Had a good chat with Chivas Regal, the cook, today – remarkable chap, last year the boat he was on from Kenya to Romania was captured by Somalian Pirates and held (at gunpoint) for one month. He was forced to cook not only for the terrified crew, but also for the pirates themselves as they sailed from port to port apparently to prevent other rival pirates taking the vessel. I asked him if he would sail that route again; he shrugged and said “yeah – the weather is better than here”. What a legend.
Almost as soon as we had finished chatting, the Captain popped down and informed us that he had heard on the radio that another three ships* have been captured this week by Somalian Pirates. The Captain reckons that the shipping companies are just going to have to run convoys like in the war, but whether the ship charterers would be prepared to lose days waiting to put them together is another matter.
I’m planning to take a boat from Djibouti over to Yemen in a couple of months time – I better make sure it is small and not worth the hassle of pirating(!)

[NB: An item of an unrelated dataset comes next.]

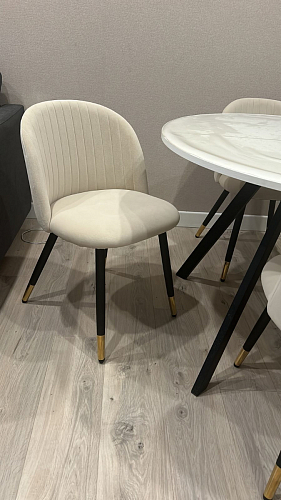 Стул на металлокаркасе Gabi dark beige / black / silver фото покупателя 755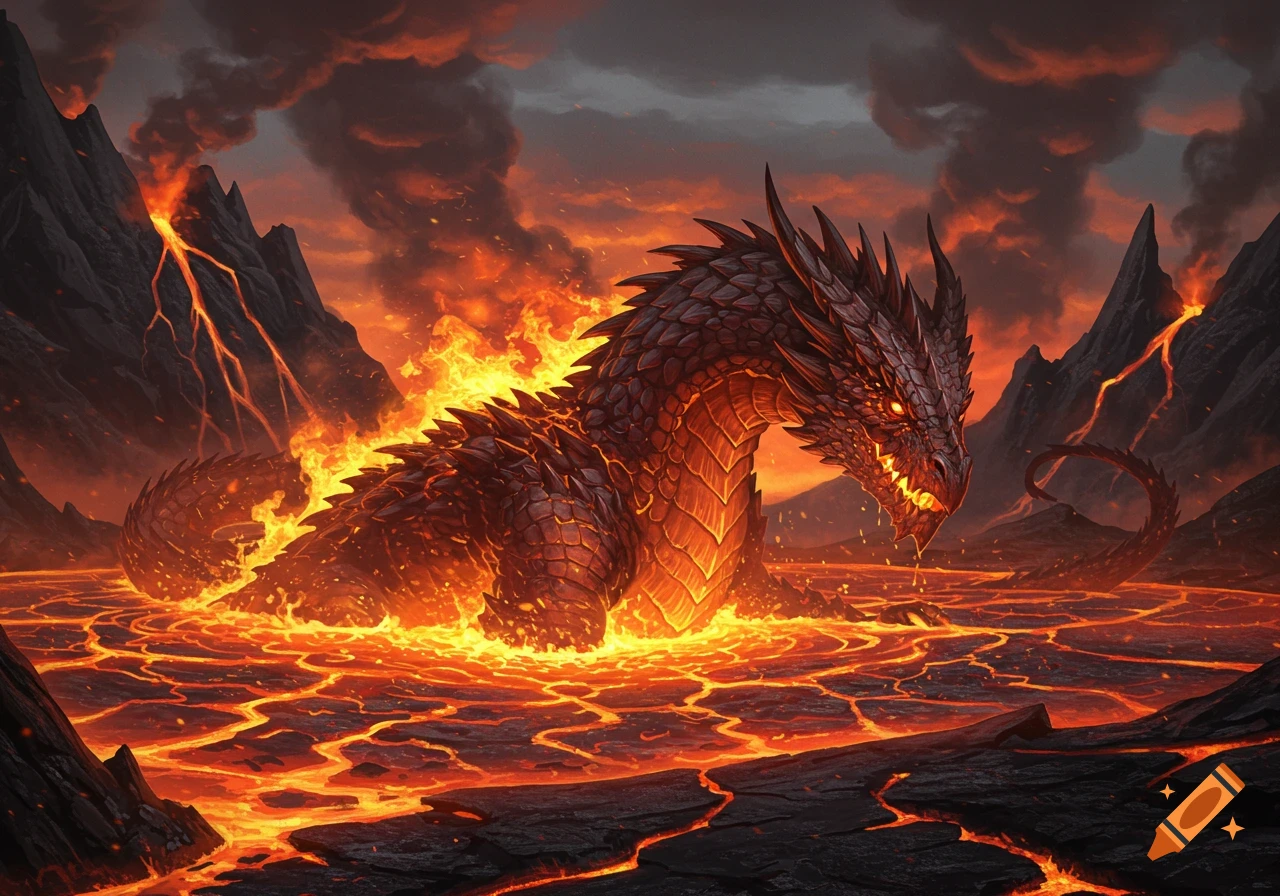 A powerful, dark-scaled dragon is half-submerged in a glowing river of lava, surrounded by fiery volcanic mountains and smoke.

That afternoon I went up to the bridge. I was admiring the ship’s chart of the North Atlantic, our progress towards Iceland updated with pencil and a ruler every hour or so, when I noticed an “X” a little south of a point we passed a few days ago. Next to the “X” was written “Titanic – 15/04/12”.
Exactly 97 years ago today.
I asked the captain what the chances of us hitting an iceberg was. He showed me a book of iceberg tracking data throughout the year. There are hardly any in winter, but in spring, in April… there are LOADS. This makes sense: as the Arctic warms, of course there will be more icebergs.
The captain told me not to worry, as any big icebergs are tracked by satellite and will appear on the ship’s radar.
It’s the small ones — amusingly named “growlers” — that you have to worry about. They don’t show up on radar and can cause substantial damage to a ship. How do you stop that from happening? You just have to keep an eye out for them, old school style.
In other news, we should be getting into port tonight at around 2am.
*Turns out one of these ships was the Maersk Alabama, and the experience of that crew would be made into the movie Captain Phillips with Tom Hanks.